Entrevista: Glenn Hurowitz
Restauração ambiental: eficaz na geração de empregos
Reflorestamento, recuperação de áreas degradadas e de cursos de água geram mais empregos que atividades convencionais. Esse é um dos motivos pelos quais os governos deveriam ver a economia da restauração como um setor que merece investimentos e subsídios. Glenn Hurowitz, diretor do programa de florestas do Center for International Policy, dos Estados Unidos, falou sobre o tema à Página22:
Por que a economia da restauração é tão eficaz na criação de empregos? Porque a natureza providencia o capital necessário para a atividade. Além disso, sempre haverá demanda por produtos florestais, e para supri-la é melhor investir em projetos de reflorestamento. Na Indonésia, os sindicatos de trabalhadores hoje lutam para que qualquer atividade madeireira seja feita em áreas reflorestadas. Idealmente você não quer derrubar áreas reflorestadas, mas é melhor fazer isso nelas do que em áreas nativas.
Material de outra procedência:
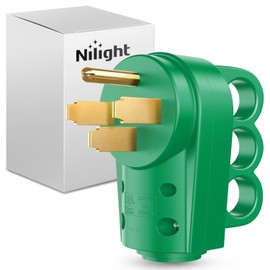 Nilight 50 Amp RV Male Replacement Plug 125/250 Volt Heavy Duty Receptacle with Handle ETL Listed NEMA 14-50P for Camper Caravan Motorhome Van Trailer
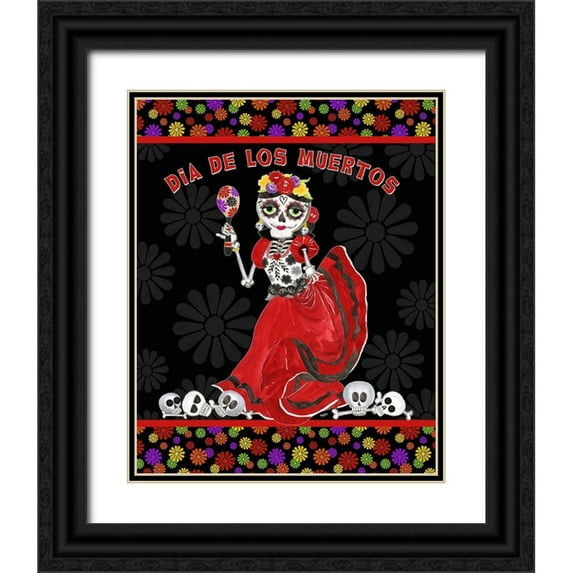 Reed, Tara 15x18 Black Ornate Wood Framed with Double Matting Museum Art Print Titled - Day of the Dead portrait I-Dancing Woman on black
O papel da restauração pode ir além da mitigação e adaptação às mudanças climáticas? A melhor coisa das florestas é que elas oferecem múltiplos benefícios, não somente para o clima. Elas garantem diversidade biológica, água limpa, ar limpo. Mas podemos ver além e medir muito bem seus benefícios econômicos em termos de empregos gerados. As atividades de reflorestamento e recuperação de áreas degradadas criam 74% mais empregos do que qualquer outra atividade econômica nos EUA. Se pesquisarmos globalmente, vamos encontrar resultados semelhantes.
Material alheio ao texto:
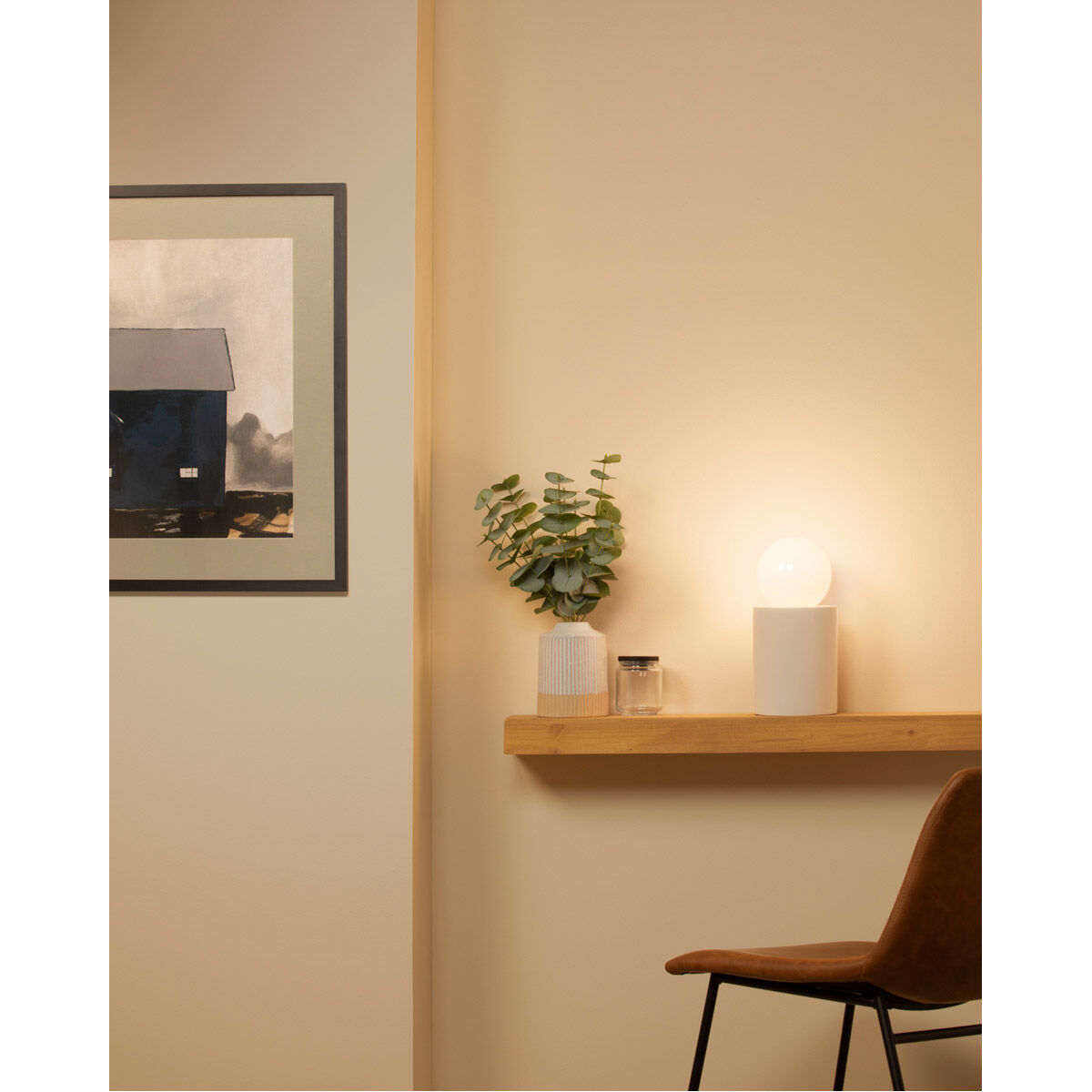 Portable 11.5 inch 60 watt Bisque Table Lamp Portable Light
Por que a restauração não é percebida como um setor econômico? Os governos ainda não percebem o valor da natureza – água e biodiversidade são consideradas recursos exploráveis sem custos. Não é difícil ver os benefícios econômicos da natureza e da restauração. Se você for a um parque, verá guardasparque trabalhando; em um projeto de recuperação, há operadores de máquinas; numa área de reflorestamento, há pessoas plantando. Se os governos abrirem os olhos, verão claramente.
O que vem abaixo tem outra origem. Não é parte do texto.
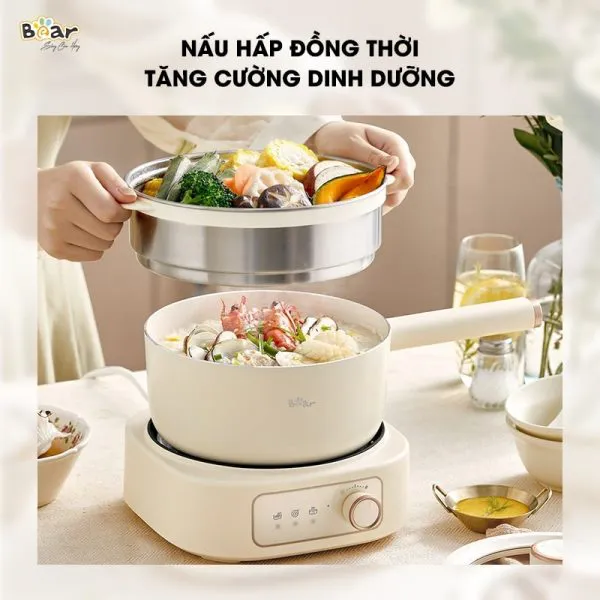 Bếp đa năng mini Bear DHG-D25D1 (Có khay hấp)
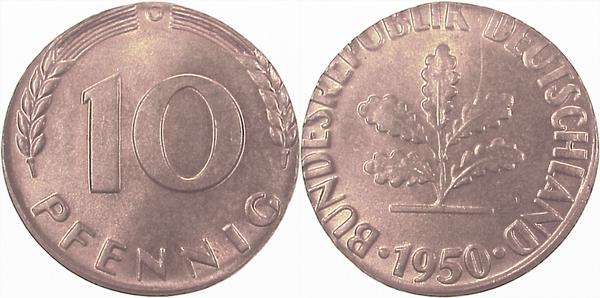 10 Pfennig 1950 G 3.3g. Messing J383 Fehlprägungen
A questão é mais política do que econômica? Sim. E de educação também. Todos os anos temos uma conferência nacional sobre empregos verdes que sempre aborda os setores de energia e transportes e deixa de ver os empregos criados por atividades ligadas à terra ou à água. Talvez porque muitas pessoas ocupadas em proteger e restaurar ambientes naturais estão mais preocupadas com os benefícios ecológicos. Podemos ajudá-las a ver os benefícios econômicos do que estão fazendo.
Como engendrar um ambiente político mais favorável para o crescimento da restauração? Um passo é a criação de subsídios econômicos para gerar empregos nesse setor. Na crise financeira, o governo dos EUA criou um pacote de estímulos centrado em energia, transportes e educação, e destinou pouco dinheiro para reflorestamento e recuperação de áreas úmidas, que oferecem níveis altos de geração de emprego por dólar investido. Acho que essa é a realidade no mundo todo, porque as pessoas não se deram conta dos benefícios da economia verde.